Temat: Szczepionka COVID

Hej. Szczepilyscie się na COVID? Znacie kogoś kto się zaszczepił i miał jakieś powikłania? Albo może znacie kogoś kto chorował na COVID ? Jak to przechodził?

Noir_Madame napisał(a):

Nie zaszczepiłam się ani nikt z mojej najbliższej rodziny. Znam kilkanaście osób które się zaszczepiły ale żadna nie z przekonania o tym że szczepionka uratuje im życie. Zostali zmuszeni do tego w pośredni sposób. Żadna z nich nie chce przyjąć 3 dawki. Za chwilę więc znajdą się w punkcie wyjścia i obejmą ich ewentualne obostrzenia.

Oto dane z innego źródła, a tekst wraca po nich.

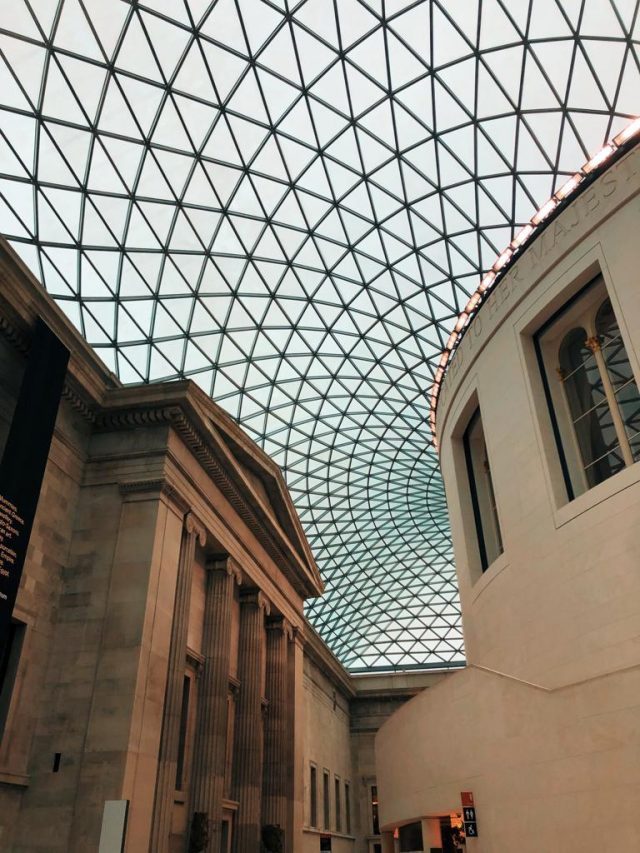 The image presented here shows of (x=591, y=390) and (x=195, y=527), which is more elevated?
(x=591, y=390)

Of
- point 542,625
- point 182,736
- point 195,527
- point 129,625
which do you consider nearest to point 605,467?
point 542,625

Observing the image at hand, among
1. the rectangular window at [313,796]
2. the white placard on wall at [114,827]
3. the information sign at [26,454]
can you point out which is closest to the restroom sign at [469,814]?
the white placard on wall at [114,827]

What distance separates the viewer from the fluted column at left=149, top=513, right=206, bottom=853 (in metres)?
17.9

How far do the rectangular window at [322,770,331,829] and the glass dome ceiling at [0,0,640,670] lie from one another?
28.2 metres

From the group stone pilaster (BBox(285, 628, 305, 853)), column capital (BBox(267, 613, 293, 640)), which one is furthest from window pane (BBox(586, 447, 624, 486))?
stone pilaster (BBox(285, 628, 305, 853))

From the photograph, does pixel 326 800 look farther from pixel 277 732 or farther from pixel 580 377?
pixel 580 377

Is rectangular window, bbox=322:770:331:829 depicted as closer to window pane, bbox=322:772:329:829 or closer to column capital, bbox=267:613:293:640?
window pane, bbox=322:772:329:829

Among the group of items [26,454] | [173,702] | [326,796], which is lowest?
[326,796]

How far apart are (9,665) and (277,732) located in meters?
18.1

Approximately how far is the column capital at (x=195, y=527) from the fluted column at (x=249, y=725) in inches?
285

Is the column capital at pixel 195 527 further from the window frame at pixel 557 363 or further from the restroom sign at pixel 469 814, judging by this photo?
the window frame at pixel 557 363

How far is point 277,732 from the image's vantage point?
31.4m

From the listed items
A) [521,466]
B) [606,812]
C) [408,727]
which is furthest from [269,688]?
[606,812]

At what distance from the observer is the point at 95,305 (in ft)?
98.9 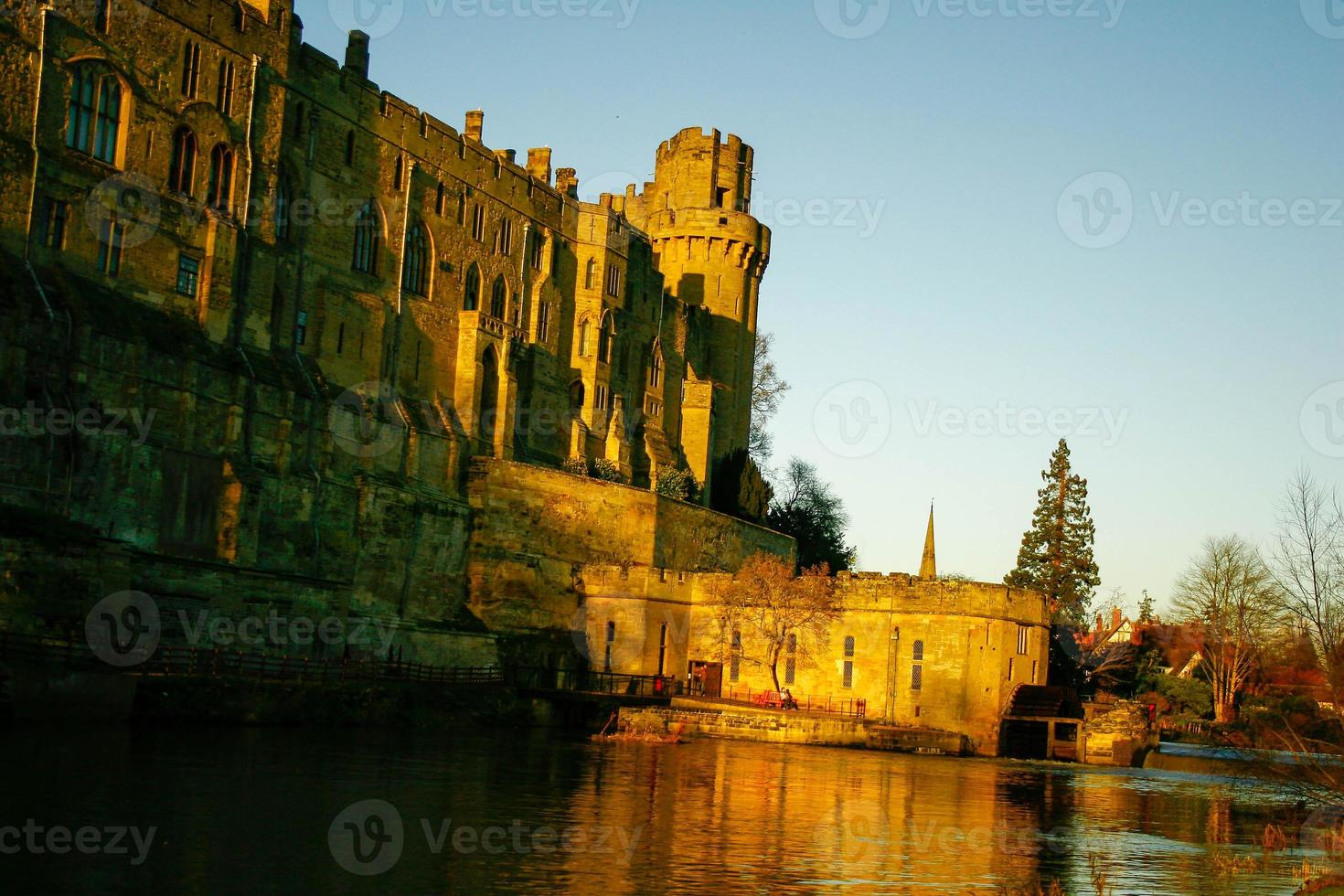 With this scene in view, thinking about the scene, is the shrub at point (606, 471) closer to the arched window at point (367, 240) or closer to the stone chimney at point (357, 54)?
the arched window at point (367, 240)

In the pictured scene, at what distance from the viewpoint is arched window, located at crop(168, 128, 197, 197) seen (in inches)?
1810

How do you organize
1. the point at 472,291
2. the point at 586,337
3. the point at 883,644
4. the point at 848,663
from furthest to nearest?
the point at 586,337, the point at 472,291, the point at 848,663, the point at 883,644

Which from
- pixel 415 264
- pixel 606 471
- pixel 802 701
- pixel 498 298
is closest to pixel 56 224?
pixel 415 264

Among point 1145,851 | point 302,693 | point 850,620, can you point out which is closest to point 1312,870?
point 1145,851

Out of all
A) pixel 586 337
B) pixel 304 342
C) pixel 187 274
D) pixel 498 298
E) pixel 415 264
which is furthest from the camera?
pixel 586 337

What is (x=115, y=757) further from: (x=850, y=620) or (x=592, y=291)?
(x=592, y=291)

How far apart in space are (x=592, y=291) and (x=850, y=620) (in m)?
20.5

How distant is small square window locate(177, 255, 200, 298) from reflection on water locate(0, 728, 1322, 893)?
15.2 meters

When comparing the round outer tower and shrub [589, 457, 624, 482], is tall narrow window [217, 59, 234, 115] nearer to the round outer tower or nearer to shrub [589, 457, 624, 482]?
shrub [589, 457, 624, 482]

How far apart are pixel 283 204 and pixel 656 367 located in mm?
25452

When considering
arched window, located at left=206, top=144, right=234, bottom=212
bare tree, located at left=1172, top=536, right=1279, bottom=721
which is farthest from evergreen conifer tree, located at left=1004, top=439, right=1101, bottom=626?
arched window, located at left=206, top=144, right=234, bottom=212

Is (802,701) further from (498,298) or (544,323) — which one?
(498,298)

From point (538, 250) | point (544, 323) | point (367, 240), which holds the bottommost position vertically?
point (544, 323)

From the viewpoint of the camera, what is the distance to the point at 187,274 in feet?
150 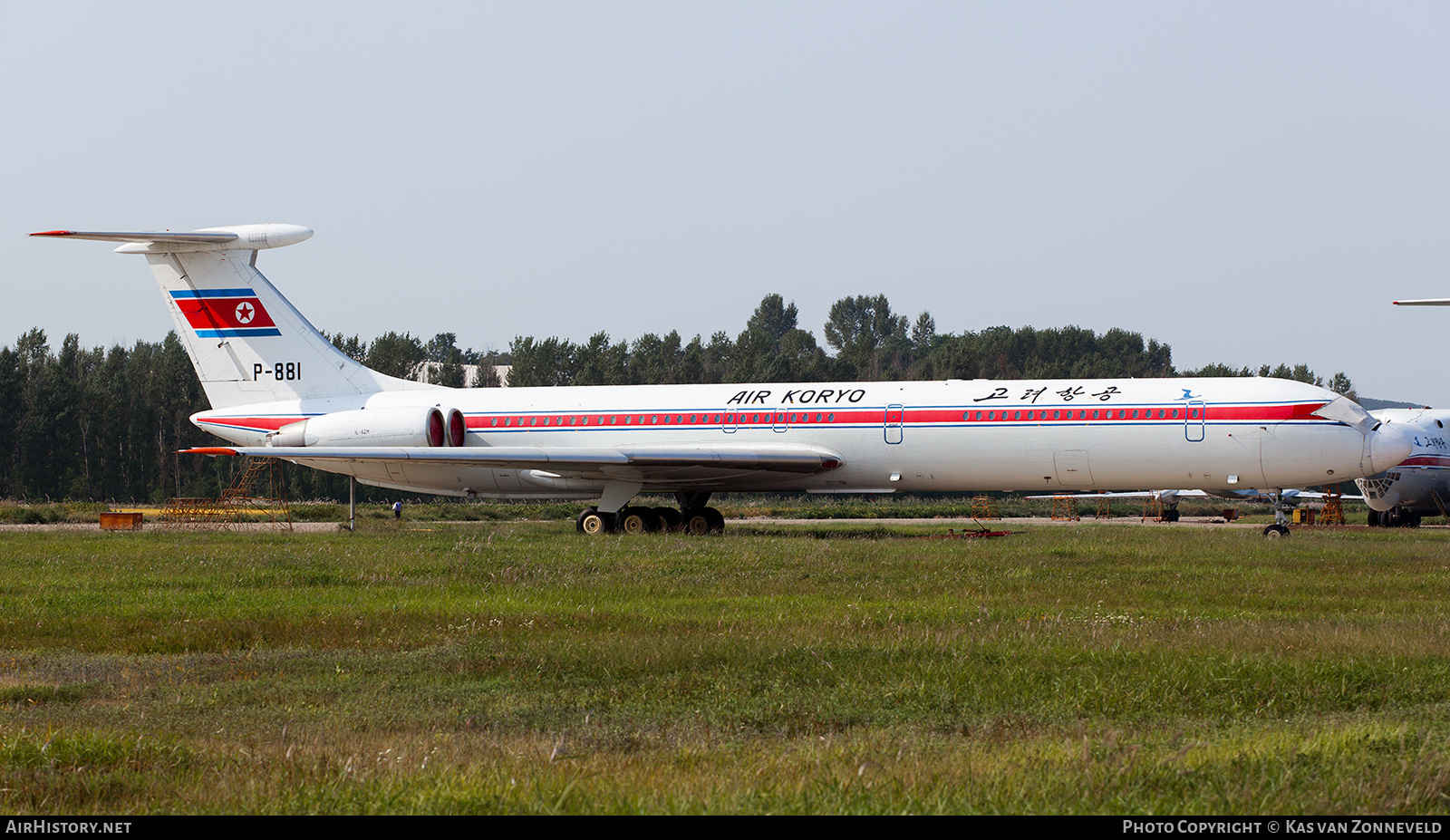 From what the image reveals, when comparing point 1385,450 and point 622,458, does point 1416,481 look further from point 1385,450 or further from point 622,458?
point 622,458

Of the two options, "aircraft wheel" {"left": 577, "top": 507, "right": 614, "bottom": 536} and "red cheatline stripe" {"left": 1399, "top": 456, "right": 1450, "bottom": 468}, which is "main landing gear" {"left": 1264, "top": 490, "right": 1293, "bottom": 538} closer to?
"red cheatline stripe" {"left": 1399, "top": 456, "right": 1450, "bottom": 468}

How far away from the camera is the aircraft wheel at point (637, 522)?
2570 centimetres

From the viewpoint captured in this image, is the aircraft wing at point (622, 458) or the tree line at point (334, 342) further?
the tree line at point (334, 342)

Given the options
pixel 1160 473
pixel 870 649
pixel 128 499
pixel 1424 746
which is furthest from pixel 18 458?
pixel 1424 746

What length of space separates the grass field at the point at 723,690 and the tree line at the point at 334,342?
55.7 meters

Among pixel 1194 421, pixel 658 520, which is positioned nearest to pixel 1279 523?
pixel 1194 421

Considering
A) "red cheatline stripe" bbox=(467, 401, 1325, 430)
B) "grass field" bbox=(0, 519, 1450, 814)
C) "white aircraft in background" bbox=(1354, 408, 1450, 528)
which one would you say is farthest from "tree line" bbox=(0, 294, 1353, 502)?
"grass field" bbox=(0, 519, 1450, 814)

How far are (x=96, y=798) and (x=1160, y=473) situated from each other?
68.5 ft

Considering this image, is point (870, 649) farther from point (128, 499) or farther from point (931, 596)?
point (128, 499)

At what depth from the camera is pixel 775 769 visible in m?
5.39

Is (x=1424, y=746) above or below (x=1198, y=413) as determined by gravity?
below

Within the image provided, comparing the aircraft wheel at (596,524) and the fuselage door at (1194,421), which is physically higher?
the fuselage door at (1194,421)

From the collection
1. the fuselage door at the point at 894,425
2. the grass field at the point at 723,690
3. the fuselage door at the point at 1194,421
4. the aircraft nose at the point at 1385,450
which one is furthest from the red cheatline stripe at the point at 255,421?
the aircraft nose at the point at 1385,450

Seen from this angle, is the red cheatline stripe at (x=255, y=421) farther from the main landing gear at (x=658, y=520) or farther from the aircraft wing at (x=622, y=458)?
the main landing gear at (x=658, y=520) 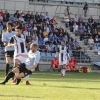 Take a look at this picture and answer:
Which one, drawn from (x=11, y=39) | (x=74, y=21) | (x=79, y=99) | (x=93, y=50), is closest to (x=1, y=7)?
(x=74, y=21)

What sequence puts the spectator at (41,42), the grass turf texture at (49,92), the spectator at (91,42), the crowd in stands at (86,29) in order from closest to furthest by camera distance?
the grass turf texture at (49,92) → the spectator at (41,42) → the spectator at (91,42) → the crowd in stands at (86,29)

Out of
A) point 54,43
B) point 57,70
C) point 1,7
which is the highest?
point 1,7

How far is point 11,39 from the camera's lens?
16172 millimetres

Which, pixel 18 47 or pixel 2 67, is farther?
pixel 2 67

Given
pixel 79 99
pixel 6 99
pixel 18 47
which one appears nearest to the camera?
pixel 6 99

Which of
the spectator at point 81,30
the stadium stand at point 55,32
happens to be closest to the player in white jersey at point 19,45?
the stadium stand at point 55,32

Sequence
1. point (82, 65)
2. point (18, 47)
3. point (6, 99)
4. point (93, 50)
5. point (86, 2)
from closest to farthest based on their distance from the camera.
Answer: point (6, 99) → point (18, 47) → point (82, 65) → point (93, 50) → point (86, 2)

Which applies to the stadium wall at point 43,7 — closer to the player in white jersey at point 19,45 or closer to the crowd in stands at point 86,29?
the crowd in stands at point 86,29

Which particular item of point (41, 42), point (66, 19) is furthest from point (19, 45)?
point (66, 19)

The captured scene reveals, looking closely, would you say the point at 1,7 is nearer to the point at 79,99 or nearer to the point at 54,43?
the point at 54,43

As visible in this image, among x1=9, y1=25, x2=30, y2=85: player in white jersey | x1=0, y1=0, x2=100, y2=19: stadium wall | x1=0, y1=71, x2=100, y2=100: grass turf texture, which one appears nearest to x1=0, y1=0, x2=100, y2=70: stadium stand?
x1=0, y1=0, x2=100, y2=19: stadium wall

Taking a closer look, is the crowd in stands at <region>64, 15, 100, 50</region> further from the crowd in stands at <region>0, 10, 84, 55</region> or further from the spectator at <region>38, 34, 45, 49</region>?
the spectator at <region>38, 34, 45, 49</region>

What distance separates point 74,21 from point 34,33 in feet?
23.3

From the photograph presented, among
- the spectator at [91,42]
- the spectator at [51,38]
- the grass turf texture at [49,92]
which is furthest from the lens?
the spectator at [91,42]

Moi znajomi sczepili się żeby wyjechać na wakacje. Tylko to ich motywowało. rodzice zaszczepieni ponieważ PiS im mózgu sieczkę zrobił. dziadek jedynie stwierdził że się nie zaszczepi bo nie da sobie byle czego wstrzyknąć. Żyje 90 lat prawie, jeździ autem robi zakupy i boi się że szczepionka go położy. teść poleciał na szczepienie i teraz gorzko żałuje. Nogi odmówiły posłuszeństwa. W sumie moja mama też od strzału problemy z chodzeniem. kolega pół roku po strzale okropne bóle w miejscu wkłucia promieniujące do pleców. Póki mnie nikt nie przymusi nie zrobię tego. co do zaszczepionych znajomych to się nie przy znają że się źle czują. oni mają potrzebę podróżowania także papier jest dla nich bardzo ważny.  Z kolei zaszczepieni pod przymusem z pracy bardzo żałują że dali się namówić. uważam że szczepionka nie powinna być obowiązkowa. to jest każdego wybór. kto chce niech się sczepi. nic mi do tego... 

Pasek wagi

Ps. U mnie na wiosce teraz wysyp covid zaszczepienonych. Policja jeździ od domu do domu . Aha.. Od początku pandemii zmarło u nas na covid 2 facetów po 60 ale mieli ostatnie stadium raka i jedna rok starsza ode mnie babka, ale miała nie leczona cukrzycę i ważyła 150 kg. Jedni znajomi przeszli bardzo ciężko, ale nie dali się zamknąć w szpitalu i to ich uratowało. Bo z ich saturacja to tylko respirator a potem trumna. W zasadzie wszyscy znajomi chorowali październik listopad oraz marzec kwiecień. 

Pasek wagi

Znam osobe z zakrzepica po astra zeneca.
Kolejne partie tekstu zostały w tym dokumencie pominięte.